Первым не выдержал близнец убитой, его рев разнесся по небесам, и он не контролируя себя прыгнул вперед, незатейливо рубя сверху вниз. Сергей сместился чуть в сторону, рубанув по толстенной руке, и с разворотом загоняя фалькату в горло сбоку, проворачивая и выдергивая, от чего кровь фонтаном залила лицо хранителя, а меч стал светиться ярче.
— Ты сдохнешь! — Прошипел мужик в фартуке мясника и с таким же огромным тесаком. Понятно, палач.
— Естественно, все умирают. Так, а хотели то чего?
Четырехрукая баба завизжала, доставая из-за спины клинки, сразу во все четыре.
— Ты! Забрал то, что принадлежит нам!
— Да ладно?
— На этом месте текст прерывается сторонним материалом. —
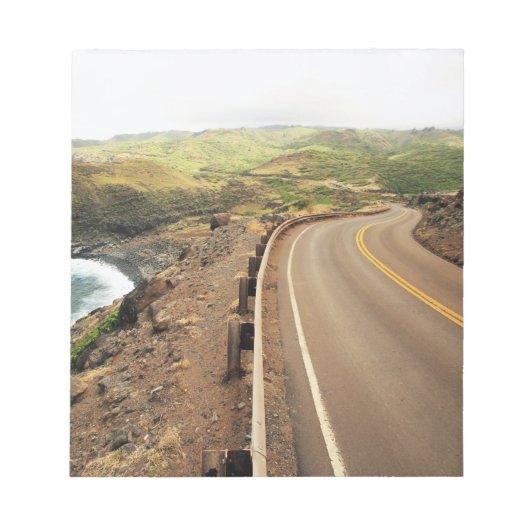 沿岸道路 ノートパッド (正面)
Вроде ничего ещё не успел ни у кого забрать, а трупам вещи не нужны. — ухмыльнулся тот в ответ.
— Ты убил Гурната! А он делился с нами силой, глупец! — мерзко верещала четырехрукая.
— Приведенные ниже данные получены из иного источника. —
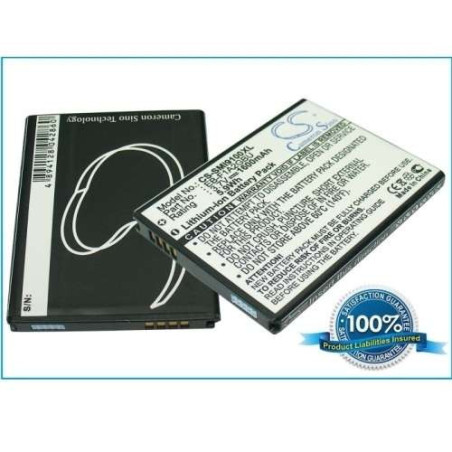 Batterie type EB-L102GBK -1600 mAh - pour samsung Galaxy s2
— И вы, все кто питался у кормушки под названием Зария, решили меня завалить, так? Только забыли о мироздании и о том, что, если я умру от ваших рук, вам уже нигде не скрыться и путь ваш сюда, будет заказан.
— Ошибаешься, глупец! У нас есть та, кто признана тобой! — указала одной из рук на Горяну.
— Толкс, я надеюсь ты всё слышал? Как же вы мне надоели… борзые божки, что не могут… — голова четырехрукой богини начала заваливаться набок, — продумать и на… — голова Горяны покатилась по земле, — пару шагов… — из груди толстяка вылезло широкое лезвие меча, дернулось вверх, разваливая то на две неравные половинки, — вперед. — со всей силы, метнув меч в мужика с кривой саблей и похожего неуловимо на ямайского Барона Самеди. Меч пробил грудину, толкая того назад, где послышался шелест меча, и очередная отделенная голова подкатилась в круг света. Сергей подошёл к телу, выдернул меч, вернулся к трупам минотавров, присел на ту, что была самкой, рядом с ее же головой. Из тьмы вышел бог войны в боевой форме: матовый массивный нагрудник, обнаженные руки, наручни с гребнем, кожаные штаны и какая-то странная, похожая на лапти обувь, с высокой шнуровкой, шлем в форме жуткого зверя он уже держал в руках. Сел на труп обезглавленной четырехрукой богини, поднял ее голову за волосы, посмотрел.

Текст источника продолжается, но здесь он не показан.